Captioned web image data

━━━━━━━━━━━━━━━━━━━━

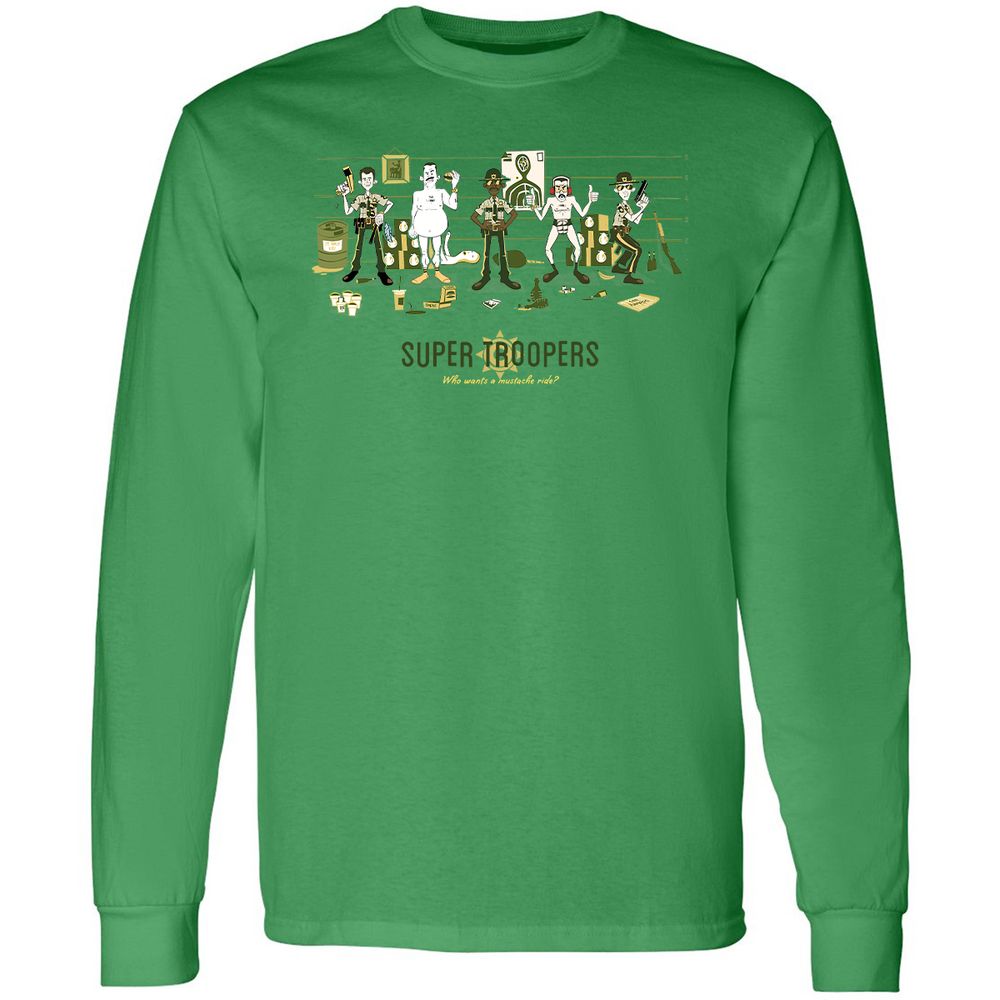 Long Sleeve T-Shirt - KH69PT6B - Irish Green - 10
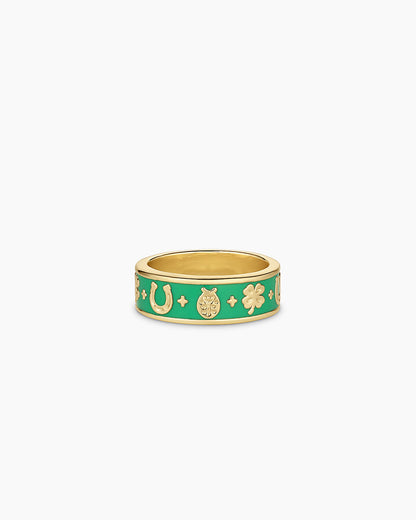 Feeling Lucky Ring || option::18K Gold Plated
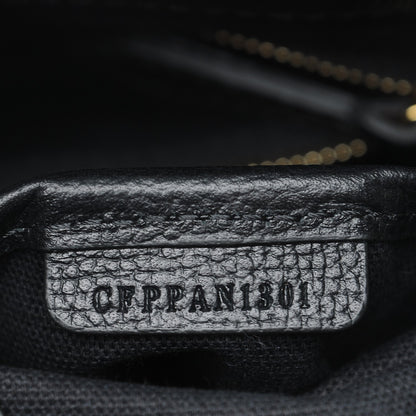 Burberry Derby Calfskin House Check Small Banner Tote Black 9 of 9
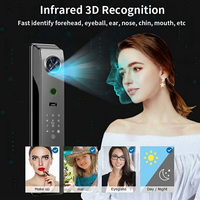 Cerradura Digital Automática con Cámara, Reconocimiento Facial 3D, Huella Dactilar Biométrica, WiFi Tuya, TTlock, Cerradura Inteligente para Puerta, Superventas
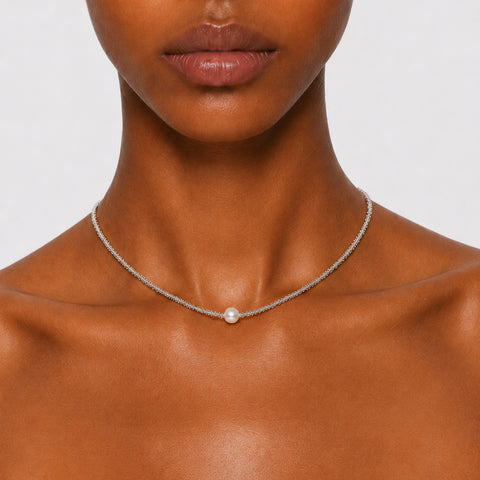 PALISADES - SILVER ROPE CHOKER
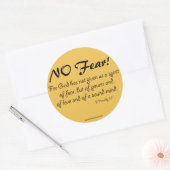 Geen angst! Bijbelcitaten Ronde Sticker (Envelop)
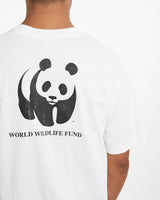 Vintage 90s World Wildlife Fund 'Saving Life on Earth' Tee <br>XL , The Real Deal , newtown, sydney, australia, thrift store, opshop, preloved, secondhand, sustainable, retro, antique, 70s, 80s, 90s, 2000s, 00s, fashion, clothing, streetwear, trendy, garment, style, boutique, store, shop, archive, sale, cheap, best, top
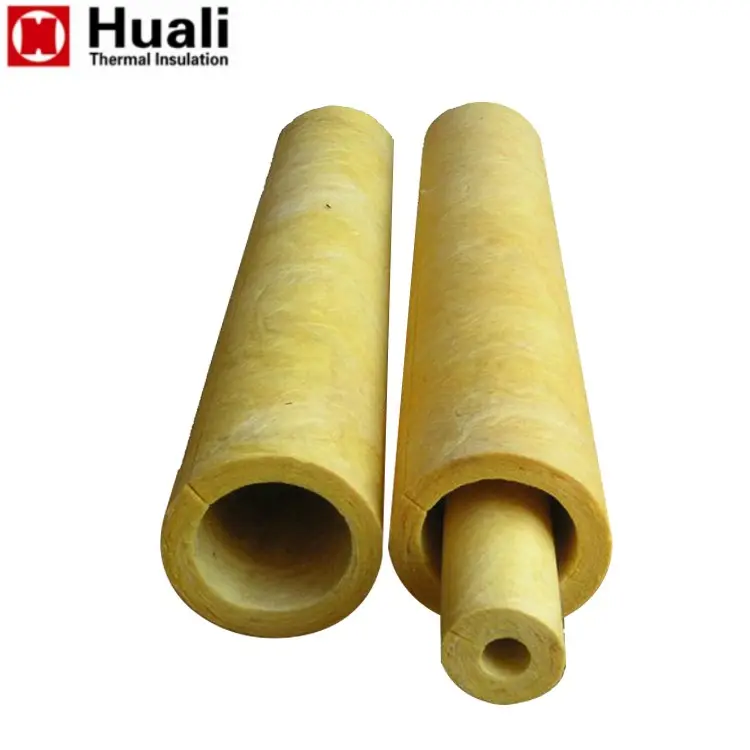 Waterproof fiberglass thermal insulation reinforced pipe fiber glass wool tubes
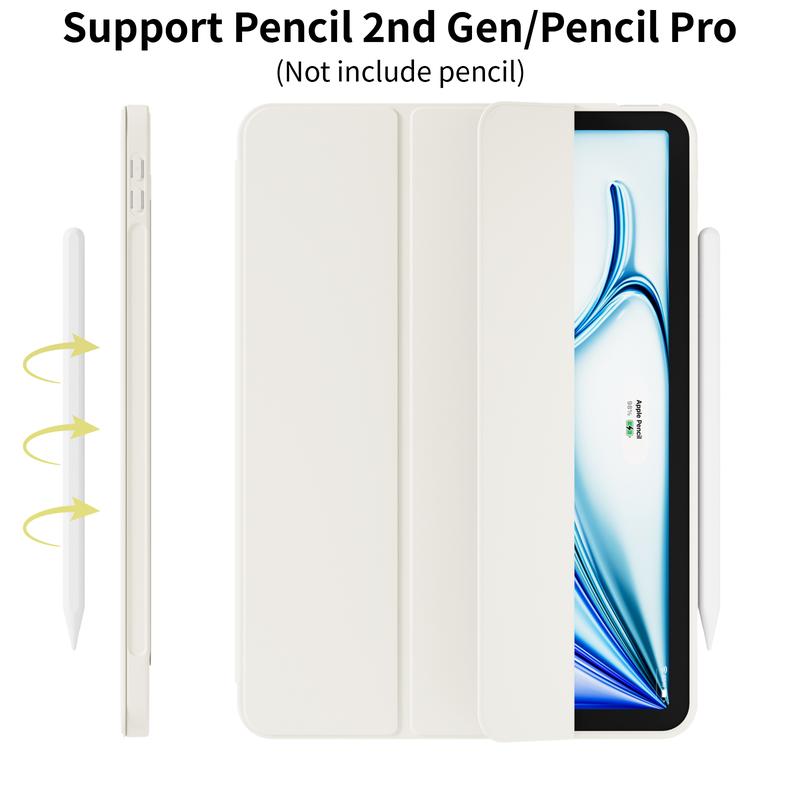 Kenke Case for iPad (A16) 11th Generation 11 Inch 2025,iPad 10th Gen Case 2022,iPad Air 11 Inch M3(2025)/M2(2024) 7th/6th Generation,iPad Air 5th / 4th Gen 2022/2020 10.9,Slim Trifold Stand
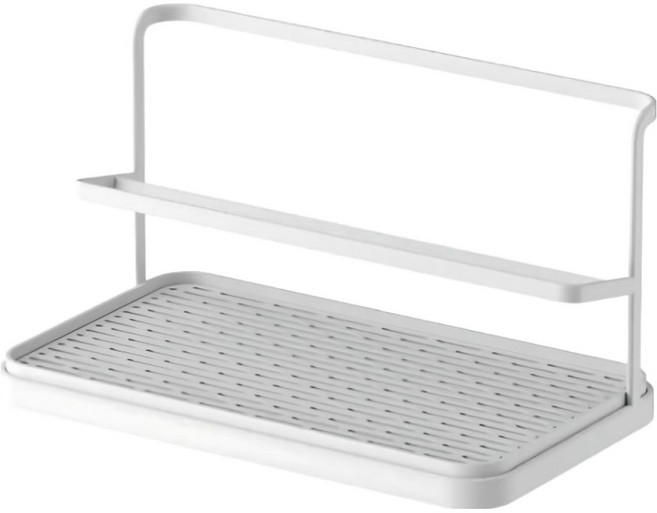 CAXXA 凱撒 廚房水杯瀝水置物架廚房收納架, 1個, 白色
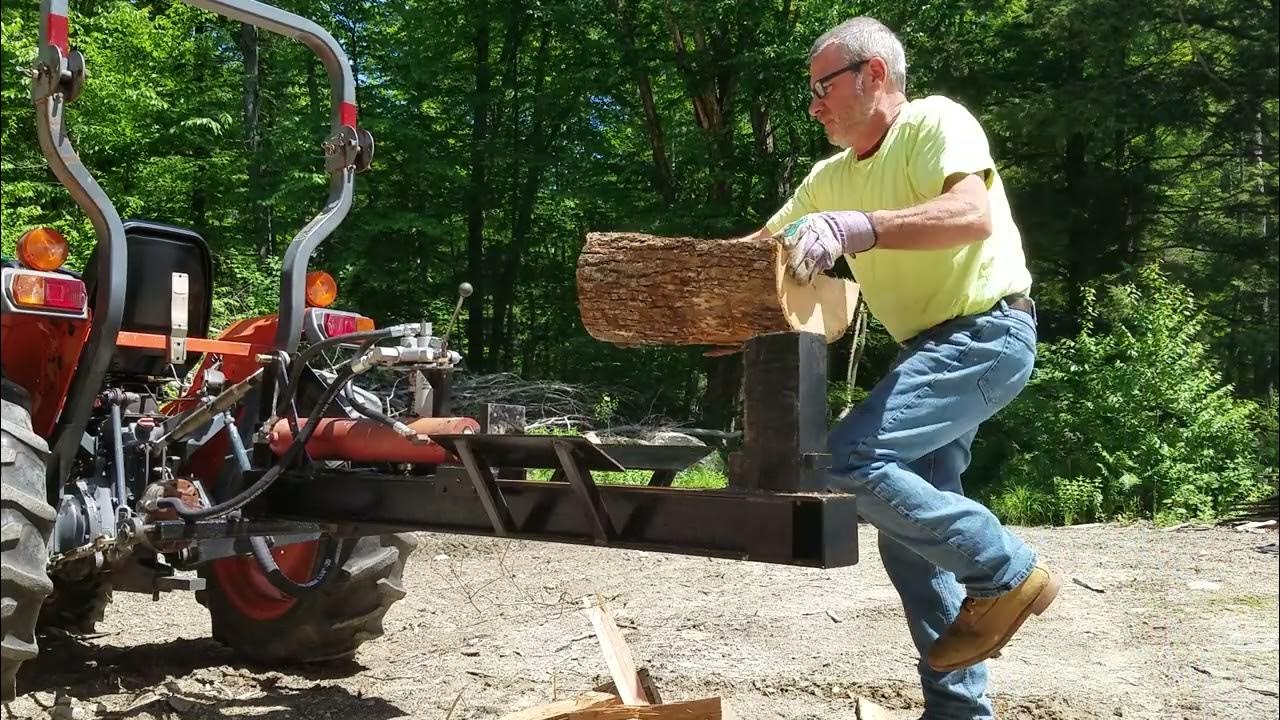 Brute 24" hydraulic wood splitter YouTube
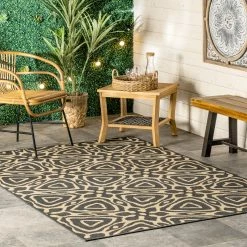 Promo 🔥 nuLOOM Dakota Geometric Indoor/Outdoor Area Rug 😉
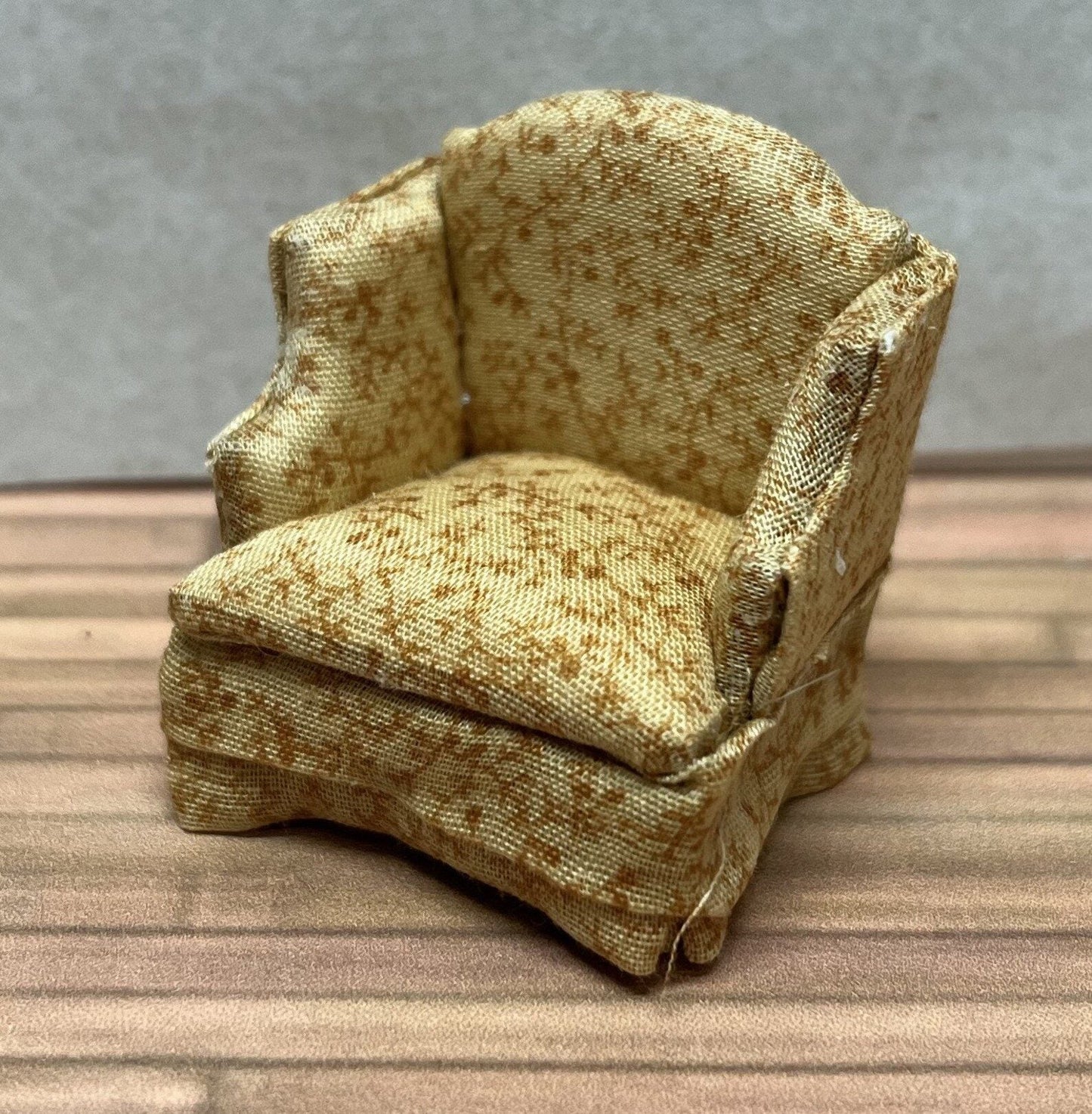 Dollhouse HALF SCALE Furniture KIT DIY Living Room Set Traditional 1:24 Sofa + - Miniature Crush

━━━━━━━━━━━━━━━━━━━━

**YOUR INSTRUCTIONS:** All entries above should be printed exactly, though without their pictures.

**ANSWER SECTION:**
 Long Sleeve T-Shirt - KH69PT6B - Irish Green - 10
 Feeling Lucky Ring || option::18K Gold Plated
 Burberry Derby Calfskin House Check Small Banner Tote Black 9 of 9
 Cerradura Digital Automática con Cámara, Reconocimiento Facial 3D, Huella Dactilar Biométrica, WiFi Tuya, TTlock, Cerradura Inteligente para Puerta, Superventas
 PALISADES - SILVER ROPE CHOKER
 Geen angst! Bijbelcitaten Ronde Sticker (Envelop)
 Vintage 90s World Wildlife Fund 'Saving Life on Earth' Tee <br>XL , The Real Deal , newtown, sydney, australia, thrift store, opshop, preloved, secondhand, sustainable, retro, antique, 70s, 80s, 90s, 2000s, 00s, fashion, clothing, streetwear, trendy, garment, style, boutique, store, shop, archive, sale, cheap, best, top
 Waterproof fiberglass thermal insulation reinforced pipe fiber glass wool tubes
 Kenke Case for iPad (A16) 11th Generation 11 Inch 2025,iPad 10th Gen Case 2022,iPad Air 11 Inch M3(2025)/M2(2024) 7th/6th Generation,iPad Air 5th / 4th Gen 2022/2020 10.9,Slim Trifold Stand
 CAXXA 凱撒 廚房水杯瀝水置物架廚房收納架, 1個, 白色
 Brute 24" hydraulic wood splitter YouTube
 Promo 🔥 nuLOOM Dakota Geometric Indoor/Outdoor Area Rug 😉
 Dollhouse HALF SCALE Furniture KIT DIY Living Room Set Traditional 1:24 Sofa + - Miniature Crush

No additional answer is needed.